Material to process:
************

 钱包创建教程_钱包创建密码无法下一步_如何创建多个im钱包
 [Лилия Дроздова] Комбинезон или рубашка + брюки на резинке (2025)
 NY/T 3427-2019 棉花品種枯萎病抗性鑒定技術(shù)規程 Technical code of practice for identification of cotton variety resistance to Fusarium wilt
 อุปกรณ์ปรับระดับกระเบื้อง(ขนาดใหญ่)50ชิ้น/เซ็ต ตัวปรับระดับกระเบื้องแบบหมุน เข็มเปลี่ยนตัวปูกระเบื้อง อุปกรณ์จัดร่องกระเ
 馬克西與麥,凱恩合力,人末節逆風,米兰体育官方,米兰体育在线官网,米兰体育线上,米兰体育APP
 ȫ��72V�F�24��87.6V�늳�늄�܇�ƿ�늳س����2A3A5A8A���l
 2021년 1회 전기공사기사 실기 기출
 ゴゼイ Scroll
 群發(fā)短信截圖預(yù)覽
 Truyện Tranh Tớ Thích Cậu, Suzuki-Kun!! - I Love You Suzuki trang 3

************

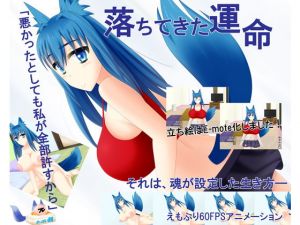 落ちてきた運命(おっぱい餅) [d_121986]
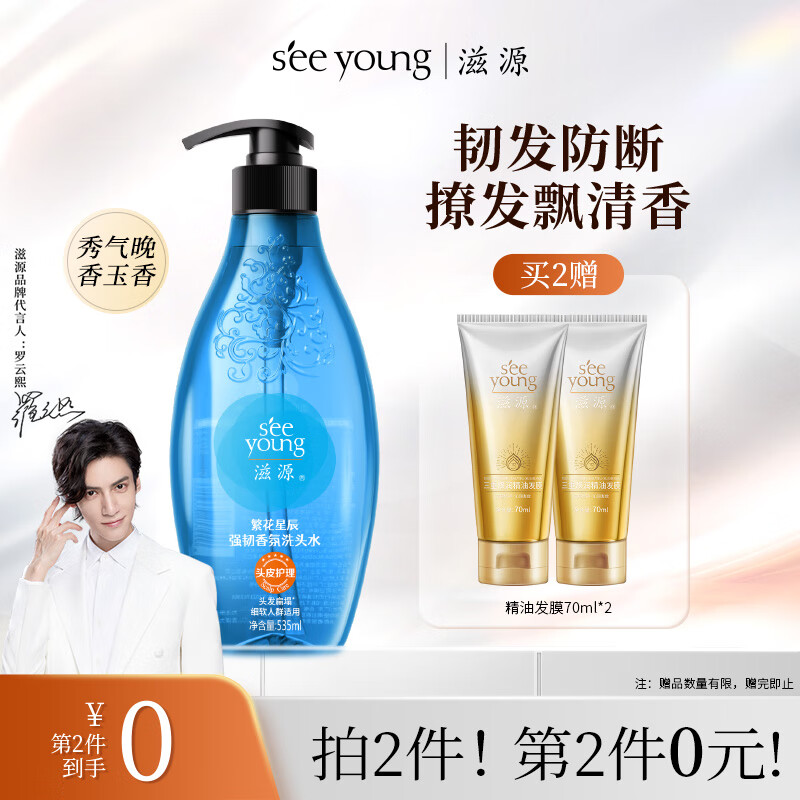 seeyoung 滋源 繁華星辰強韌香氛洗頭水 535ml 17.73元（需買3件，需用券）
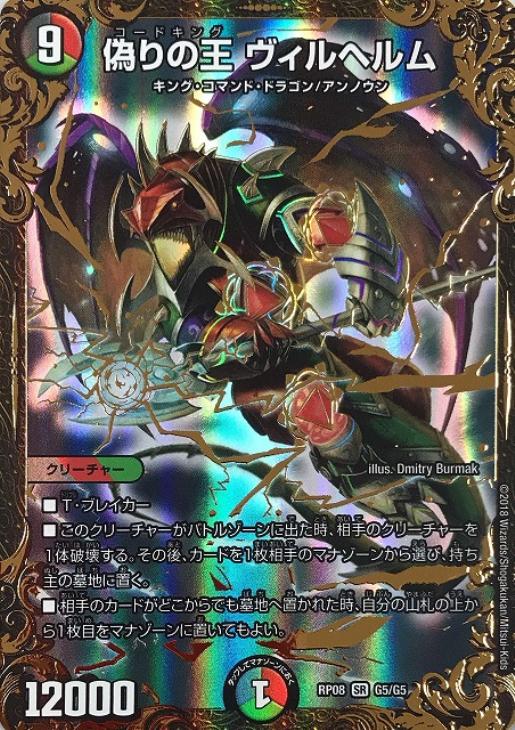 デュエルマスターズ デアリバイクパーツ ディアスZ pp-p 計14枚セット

************

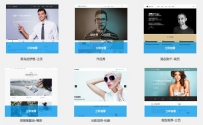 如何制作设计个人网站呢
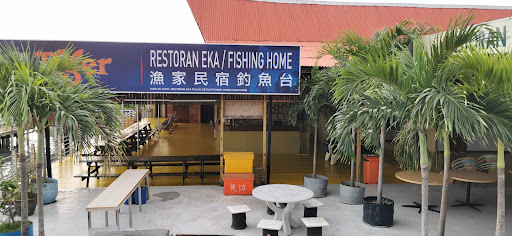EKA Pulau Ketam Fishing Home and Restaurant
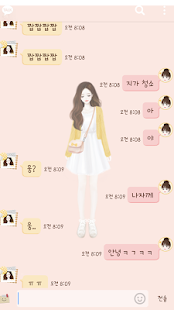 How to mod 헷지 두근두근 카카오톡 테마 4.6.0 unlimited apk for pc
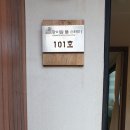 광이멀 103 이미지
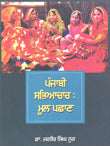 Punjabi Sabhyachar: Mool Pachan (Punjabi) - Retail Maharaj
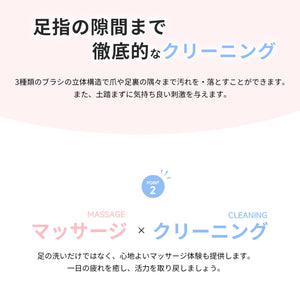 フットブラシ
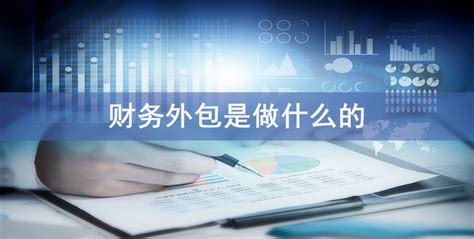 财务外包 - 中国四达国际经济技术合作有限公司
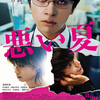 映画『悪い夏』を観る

************

Your instructions:
What do the lines above say from the one containing "2021년 1회 전기공사기사 실기 기출" down to the one containing "Truyện Tranh Tớ"? Return them exactly, both end lines included, and only them.

Response:
 2021년 1회 전기공사기사 실기 기출
 ゴゼイ Scroll
 群發(fā)短信截圖預(yù)覽
 Truyện Tranh Tớ Thích Cậu, Suzuki-Kun!! - I Love You Suzuki trang 3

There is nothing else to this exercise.